Sürrealist sanatçılar için rüya önemli bir tema olmuştur. Salvador Dali’nin “Uyanmadan Bir Saniye Önce Nar Etrafında Uçan Arının Sebep Olduğu Rüya” (1944) eserine baktığımızda gerçekte görülmüş bir rüya olduğu hissiyatına kapılırız. Eserde rüya gören kadın, Gala, Dali’nin eşidir. Arının uçuşu ile beliren birbirinden bağımsız, kopuk nesneler; kaplanlar, balık ve fil; bir saniye içinde Gala’nın uyanmasına sebep olacaktır. Rüyada kaplanlar Gala’ya saldırır pozisyondadır, bu da aslında Gala’nın uyanık yaşantısında bir gerginlik ve kaygısı olduğuna işaret eder. Dali, eserde kötü bir rüyadan aniden uyanmayı tasvir ederken serbest çağrışım kullanmıştır ve rüyanın bitmesine rağmen eserin var olmaya devam edişi bilinçdışından bilince bir geçişi temsil eder.
Salvador Dali, Uyanmadan Bir Saniye Önce Nar Etrafında Uçan Arının Sebep Olduğu Rüya, 1944
Sürrealizm akımının bir diğer önemli temsilcisi René Magritte, resim sanatının şiiri görünür kılmak olduğunu söyler. Bu yüzden Magritte’in eserlerinde metaforlar, görsel dili oluşturur. Magritte sıradan objeleri bir araya getirerek bir benzerlik ve yakınlık oluşturur. “Donakalmış Zaman” (1938) eserinde Magritte, şömineyi bir tünel metaforu olarak kullanır, bu tünelden ise bir tren geçmektedir. Tren ise şöminede yanan ateş gibi borusundan buhar üflemektedir. Tren resmin yapıldığı anda orada bulunmaktadır, birkaç saniye içinde tünelden/şömineden geçip gidecektir ve duman sönecektir. Görsel, zamanda donup kalmıştır. Magritte bu eserde iki farklı gerçek obje arasında sürrealist bir bağlantı kurar ve nesneleri birbirleri yerine geçen metaforlar olarak sunar.
René Magritte, Donakalmış Zaman, 1938
Sürrealizm akımı, dönemin avangart ruhunu yansıtan bir başkaldırı olmuştur. Geleneğe, akla, mantığa ve diğer toplumsal normlara tepki olarak insan düşüncesinin mutlak özgürlüğünü savunmuştur. Bu özgürleşme bilinçdışının keşfi ile ifade edilmiştir, burada da Freud’un teorileri önemli rol oynamıştır.
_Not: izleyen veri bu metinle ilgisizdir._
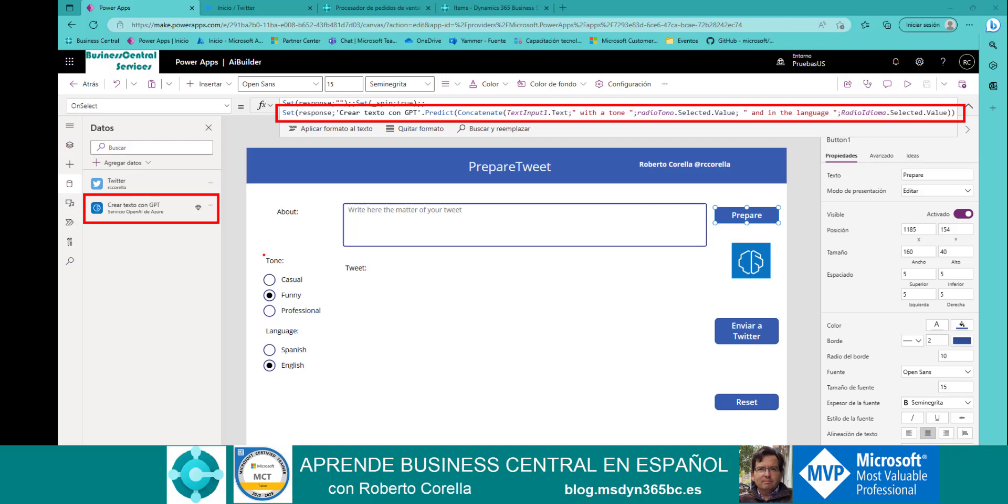In this case, I use the tone, and I use the language. Then, with this information, it's enough to show the response. Let me show you how it's working.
Sürrealist eserler izleyiciyi neyin gerçek neyin rüya olduğu sorgulamaya iter, bu sorgulama sırasında ise bilinçdışı süreçleri devreye girip insan düşüncesini özgürleştirir.
KAYNAKÇA
Clancy, Robert. 1949. Surrealism and Freedom. American Journal of Economics and Sociology, 8(3). 271-276.
Criel, Gaston. 1952. Surrealism. Books Abroad, 26(2). 133-136.
Dubnick, Randa. 1980. Visible Poetry: Metaphor and Metonymy in the Paintings of René Magritte. Contemporary Literature, 21(3). 407-419.
Jones, Ernest. Freud’s Theory of Dreams. The American Journal of Psychology. 21(2). 283-308.